§ **RECORDED INFORMATION**
*** Block opens ***

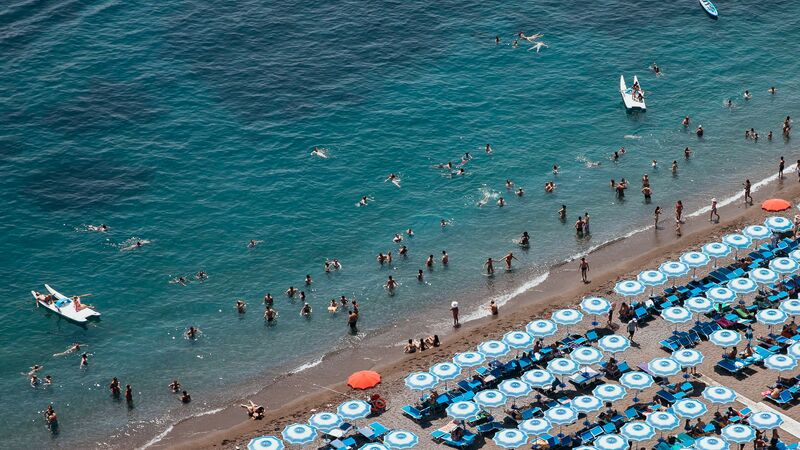 The turquoise waters of the Amalfi Coast with people swimming and lounging under blue and white umbrellas on the pebbly beach.
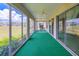 Screened lanai with room to relax and enjoy views of the green backyard at 9017 Se 119Th St, Summerfield, FL 34491
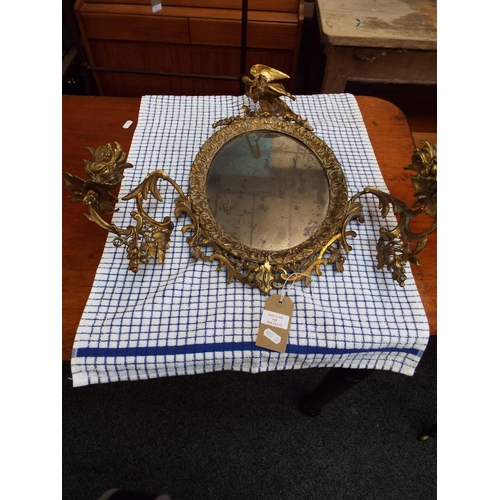 648 - An ormolu French girandole wall mirror with an original plate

*** Block closes ***

§ **BRIEF**
An exact reproduction of the material is needed, without its images.

§ **RESULT BELOW**
 The turquoise waters of the Amalfi Coast with people swimming and lounging under blue and white umbrellas on the pebbly beach.
 Screened lanai with room to relax and enjoy views of the green backyard at 9017 Se 119Th St, Summerfield, FL 34491
 648 - An ormolu French girandole wall mirror with an original plate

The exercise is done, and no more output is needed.